Former SDSU Aztec hurdler Danae Dyer shares her emotional journey to qualify for the U.S. Olympic Track & Field Trials

NBC Universal, Inc.

Former San Diego State hurdler Danae Dyer has had lots of supporters throughout her career, but none bigger than her dad, Andre.

"My number one fan, my best friend. Yeah, he was he was always there, he would always be texting me, always wishing me the best," said Dyer.

But in April of 2023, in the middle of her senior season, Andre passed away. His death sent Danae to a dark place.

"I seriously, I wanted to quit. I wanted to quit college. I had so many dreams in track, I just wanted to stop," she said.

And Danae did stop, for quite awhile, but recently with encouragement from friends, family and a strong inner drive, Danae got back on the track and fittingly started overcoming hurdles, literally and figuratively.

"My family, they pushed me and they told me that's what he would have wanted me to keep going. So it's definitely hard, not seeing him in the stands anymore is hard," she said.

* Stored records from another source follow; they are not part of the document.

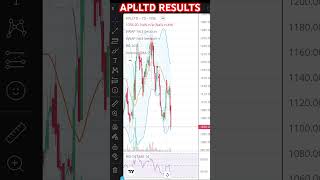 ALEMBIC PHARMA RESULTSalembic share news  technical analysis [upl. by Chally106]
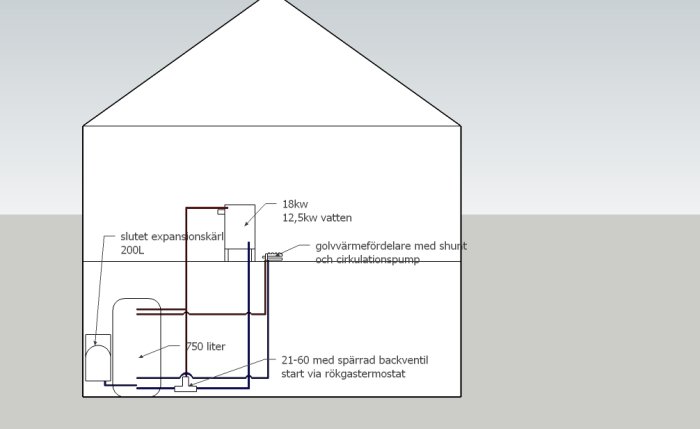 Skiss av uppkopplingsförslag för vattenmantlad kamin och golvvärme i fritidshus, inkluderar tankar och pumpanordningar.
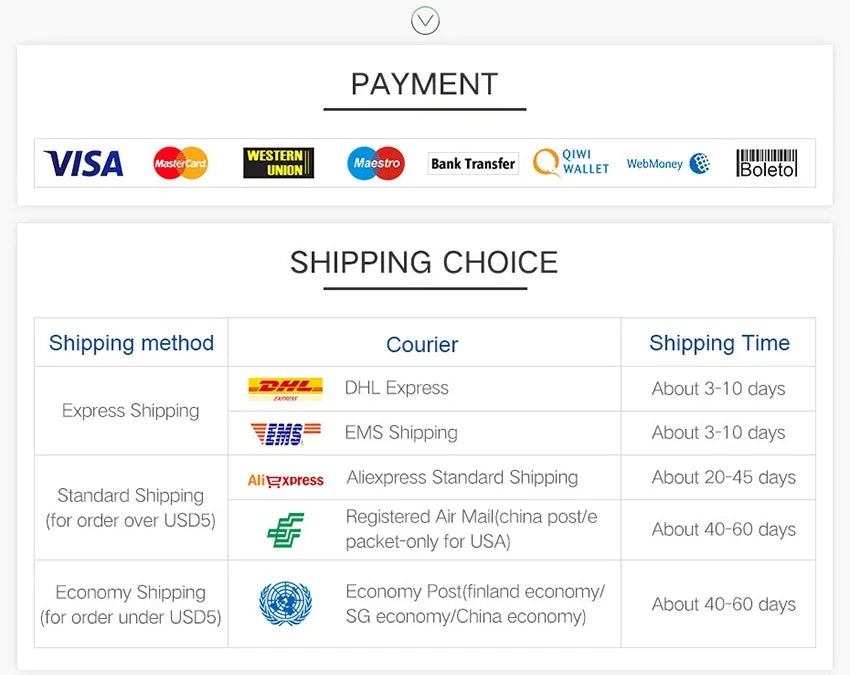 LED Solar Outdoor Remote Control 3 Modes LED Courtyard Wall Lamp Garden Terrace Garage Human Body Induction Door Street Lighting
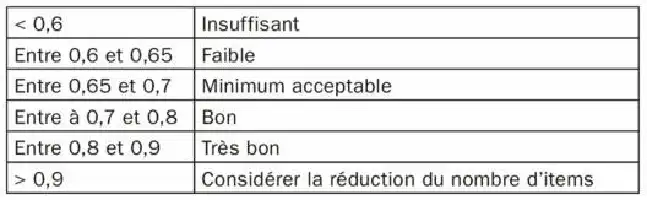 Description de l'image par IA : Tableau avec des plages de valeurs et leurs descriptions correspondantes en français.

Workout after workout, hurdle after hurdle. Danae got back into peak form. Then in May at an Olympic Trial qualifying race in Chula Vista, Danae Dyer was the first across the finish in the 100m hurdles qualifying her for the U.S. Olympic Trials. After the race, instead of her dad running out to celebrate with her, it was her mom Dawn, running down to the track for an emotional moment with her daughter. A lot of crying, a lot of hugging, a lot of emotions.

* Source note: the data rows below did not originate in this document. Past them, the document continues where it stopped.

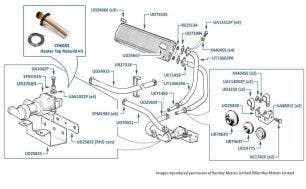 Heater System, Silver Spirit & Mulsanne, chassis numbers 20001-21801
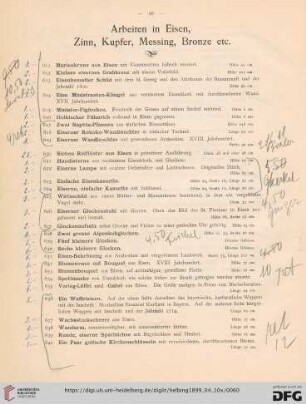 Arbeiten in Eisen, Zinn, Kupfer, Messing, Bronze etc (Nr, 611-705)
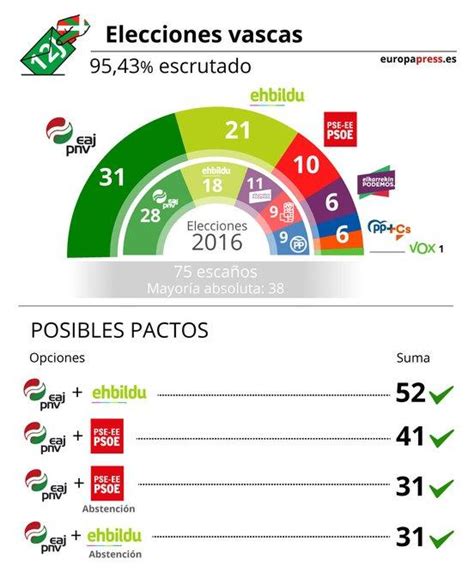 Elecciones en el País Vaco Urkullu volvería a ganar las elecciones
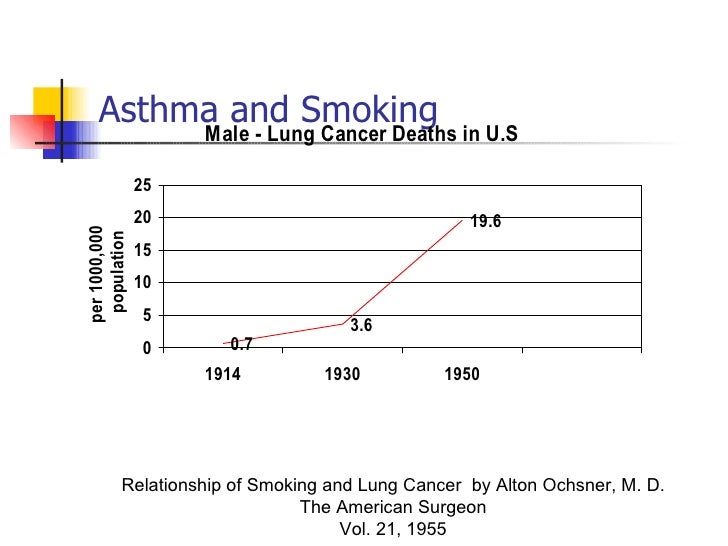 Asthma And Smoking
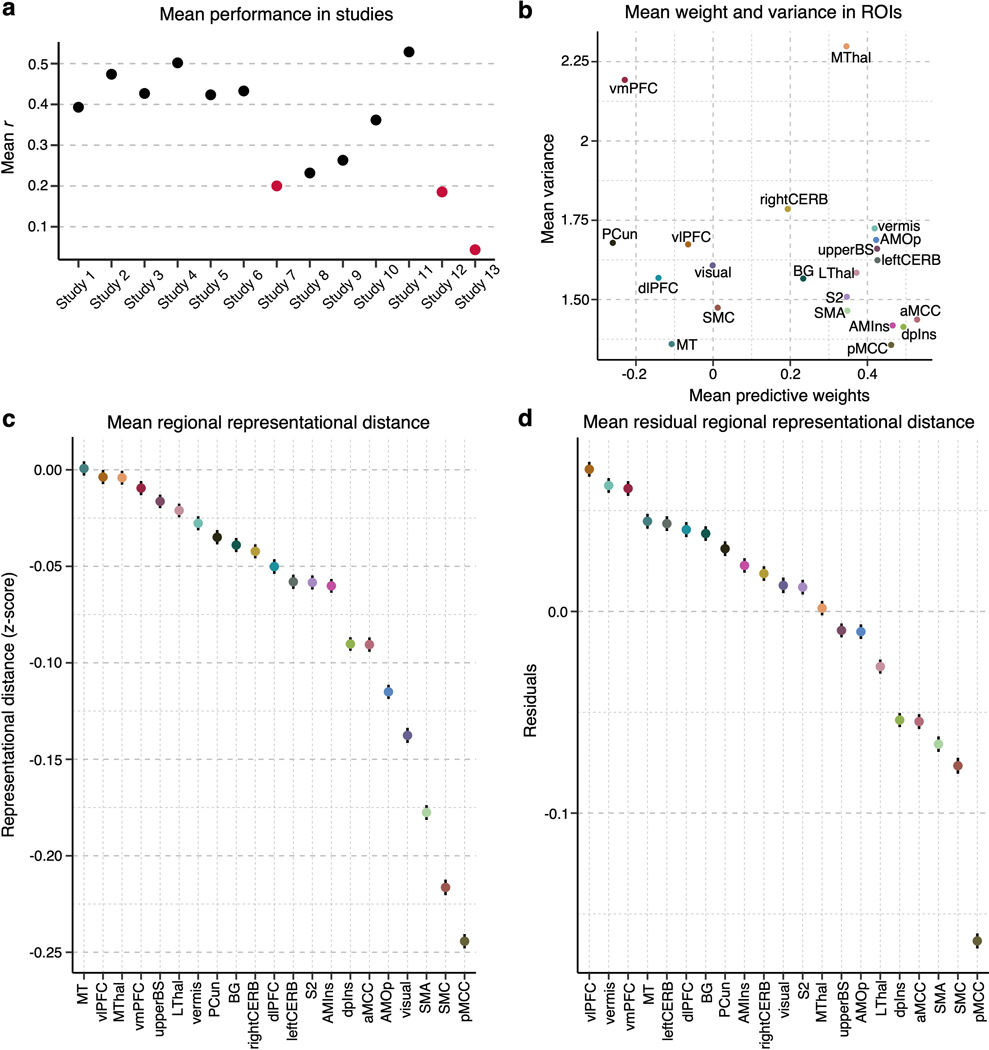 Extended Data Fig. 6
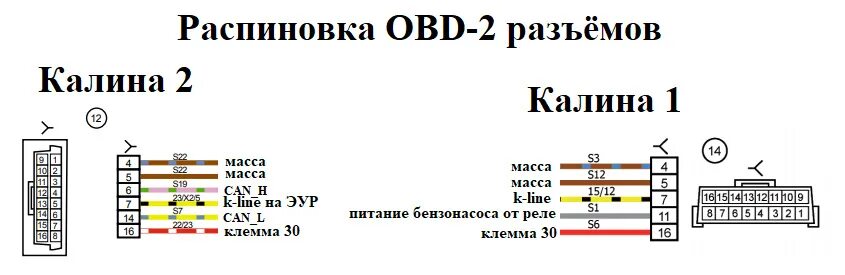 Распиновка калина 1 Электросхемы автомобилей ВАЗ подробно Часть 1 - DRIVE2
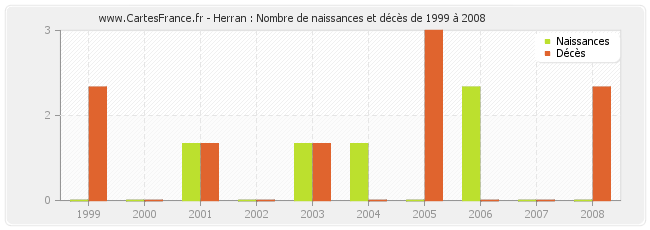 Herran : Nombre de naissances et décès de 1999 à 2008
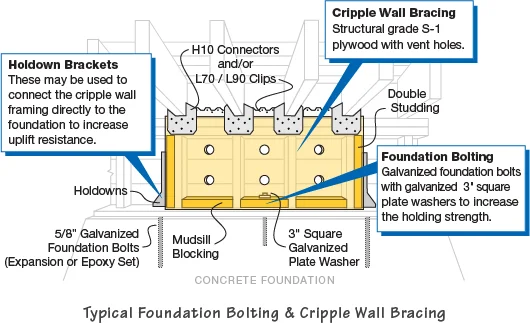 نقشه دیوار کمکی (Cripple Wall) برای تقویت ساختمانهای آجری قدیمی در سطوح میانی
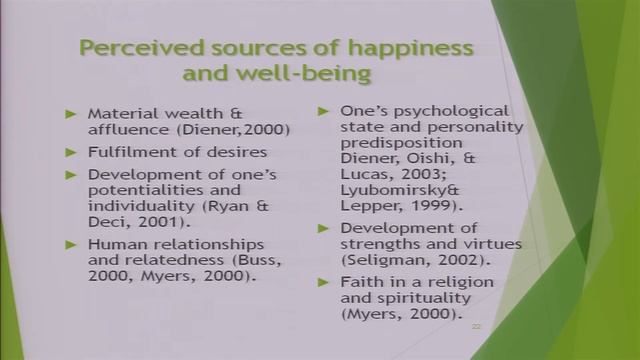Well-being: Indian Psychological Perspective смотреть онлайн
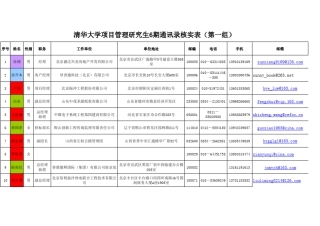 房地产项目公司通讯录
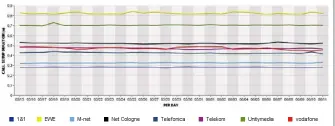  ??  ?? Schnell verbunden: Kurze Verbindung­saufbauzei­ten innerhalb des All-IP-Netzes von 1&1 (blaue Linie) zeigen, dass der Anbieter seine selbstbetr­iebene Infrastruk­tur für Sprachtele­fonie gut im Griff hat.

"My mom came running down the hill crying, because she always told me that when I run 12-9, she wanted to be there, so she got to be there that day," she said.

A proud moment for mom, daughter and what would dad think?

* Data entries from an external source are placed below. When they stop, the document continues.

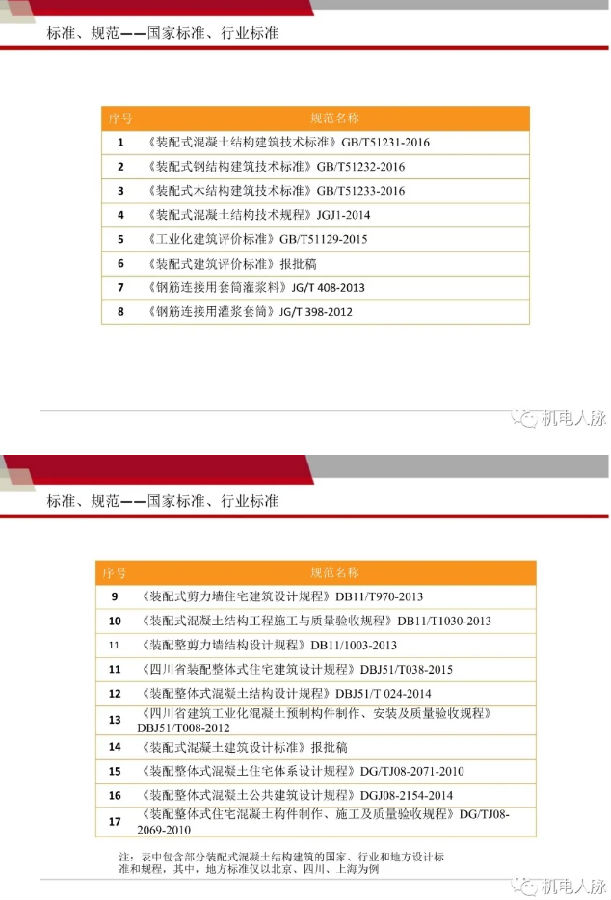 装配式混凝土建钢结构筑的电气设计要点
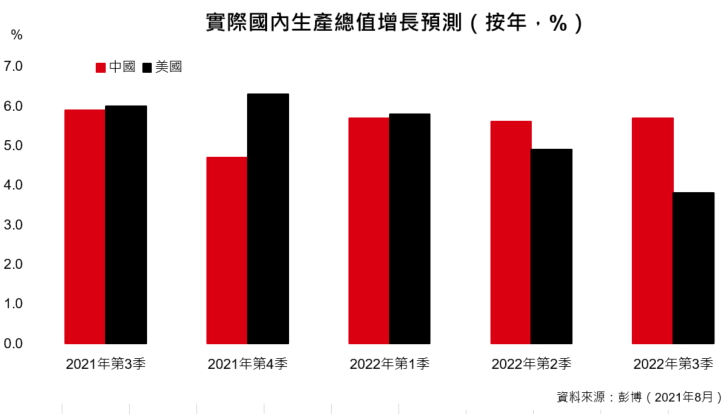 中國增長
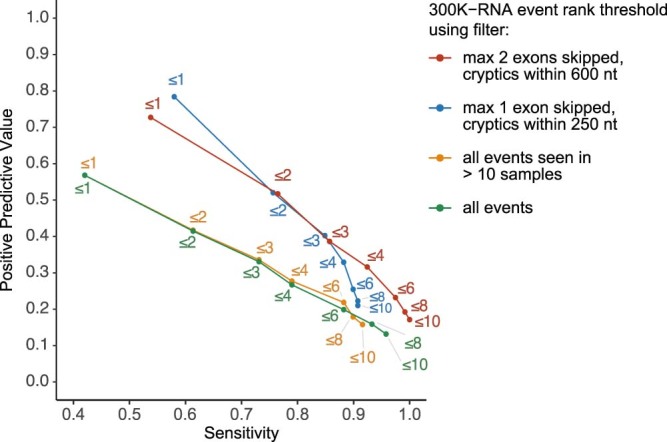 Extended Data Fig. 1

"He's just proud. I know he is, for sure," she said.

Danae’s dedication to overcome tragedy and regain her elite form are impressive, even more so when you consider she works a full-time job. Danae works in Digital Marketing for Sports San Diego. She’s an unsponsored athlete, working, then training multiple hours a day, while many of her competitors aiming for a spot on the Olympic team are sponsored and only have to worry about training, not working a full-time job.

Danae keeps friends, family and supporters up-to-date on her quest through a GoFundMe campaign.

Despite that, this long shot is ready to take her best shot at the Olympic Trials.

"I'm about to compete with the big dogs, and I'm ready," she said.